The increasing popularity of NoSQL databases is partially due to the fact that they can be scaled much more easily than relational databases. There are two main ways to scale; up or out. Scaling up means you are increasing the power of your hardware to handle increasing data storage and manipulation. Scaling out is the practice of distributing data storage across more servers, thereby spreading out the data into smaller chunks.
Relational databases can be difficult to scale due to the joins and relationships between tables. Relational databases are much more efficient when all of the tables associated with that database exist on a single server. With non-relational databases, data is self-contained and does not need to interact with other pieces of data so it is easier to distribute across many systems.

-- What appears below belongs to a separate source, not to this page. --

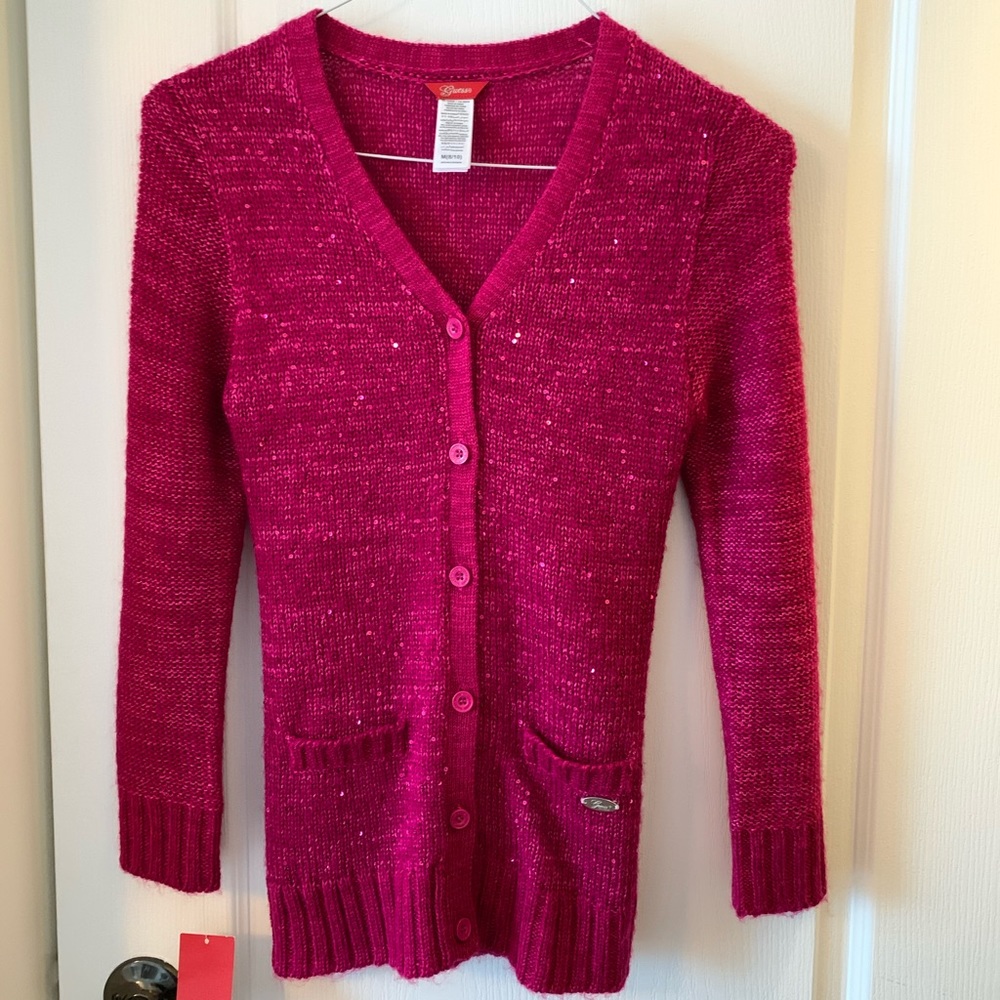 GUESS PINK BUTTON UP SWEATER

There are numerous companies that produce NoSQL database products including MongoDB, Oracle NoSQL, DynamoDB, etc. NoSQL databases rely on several data models that excel in different use cases.
Document Data Model
One of the most common "styles" of non-relational databases is the document storage model. Data stored in a document is often stored in JSON or a similar data structure. Document databases are useful because the data is already formatted in a JSON-like structure that interacts well with programming languages. Document databases are excellent for storing user information or data pertaining to content management systems. One of the most popular document database platforms is MongoDB.
Graph Database Model
Graph databases are used to store relationships and are often used on social media platforms where large-scale user relationships exist (i.e. Twitter). Graph databases connect data through the use of nodes and edges. A node is a an entity (i.e. a user) that can potentially be connected to other nodes. Nodes are connected through edges, which can store properties related to the relationship. Edges also have directionality. For example, a user may choose to follow another user, but that followed user may not follow them back. This would be a unidirectional relationship. Retrieving relationship data from graph databases can be very fast because graph databases can ignore unrelated data during searches. Some common graph-based database systems include Amazon Neptune, Neo4j, and OrientDB.
Key-Value Database Model
The key-value pair data model is very similar to the document model. Key-value databases resemble a dictionary, where each value is given a unique key identifier. A variety of data can be stored as the values of this data model, including integers, strings, arrays, and objects. An example of a key-value NoSQL database could be a database of customers, where each customer ID maps to an object of customer information:
Some common key-value database systems include Amazon's DynamoDB, Oracle NoSQL, and Riak KV. Key-value systems are useful when handling a high number of read and write requests at scale. They are often used to manage store session data in large web applications as well as storing shopping carts and e-commerce information.